EXERCISE INSTRUCTIONS
Each entry below has to be written out again without any change.

Dataset entries
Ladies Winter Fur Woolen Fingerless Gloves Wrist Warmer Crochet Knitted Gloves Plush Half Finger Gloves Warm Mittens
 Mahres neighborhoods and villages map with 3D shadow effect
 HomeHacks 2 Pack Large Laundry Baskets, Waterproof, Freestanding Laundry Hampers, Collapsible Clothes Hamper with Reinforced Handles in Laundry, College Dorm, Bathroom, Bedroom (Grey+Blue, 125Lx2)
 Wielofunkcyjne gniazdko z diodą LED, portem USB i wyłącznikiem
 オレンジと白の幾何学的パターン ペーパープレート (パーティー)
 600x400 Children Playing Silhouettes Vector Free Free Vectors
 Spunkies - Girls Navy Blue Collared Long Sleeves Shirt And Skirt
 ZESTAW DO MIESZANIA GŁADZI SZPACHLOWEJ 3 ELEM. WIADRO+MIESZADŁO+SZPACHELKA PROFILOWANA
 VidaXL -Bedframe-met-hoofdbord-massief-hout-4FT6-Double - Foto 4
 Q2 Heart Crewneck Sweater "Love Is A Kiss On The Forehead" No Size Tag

OUTPUT OF THE EXERCISE
Ladies Winter Fur Woolen Fingerless Gloves Wrist Warmer Crochet Knitted Gloves Plush Half Finger Gloves Warm Mittens
 Mahres neighborhoods and villages map with 3D shadow effect
 HomeHacks 2 Pack Large Laundry Baskets, Waterproof, Freestanding Laundry Hampers, Collapsible Clothes Hamper with Reinforced Handles in Laundry, College Dorm, Bathroom, Bedroom (Grey+Blue, 125Lx2)
 Wielofunkcyjne gniazdko z diodą LED, portem USB i wyłącznikiem
 オレンジと白の幾何学的パターン ペーパープレート (パーティー)
 600x400 Children Playing Silhouettes Vector Free Free Vectors
 Spunkies - Girls Navy Blue Collared Long Sleeves Shirt And Skirt
 ZESTAW DO MIESZANIA GŁADZI SZPACHLOWEJ 3 ELEM. WIADRO+MIESZADŁO+SZPACHELKA PROFILOWANA
 VidaXL -Bedframe-met-hoofdbord-massief-hout-4FT6-Double - Foto 4
 Q2 Heart Crewneck Sweater "Love Is A Kiss On The Forehead" No Size Tag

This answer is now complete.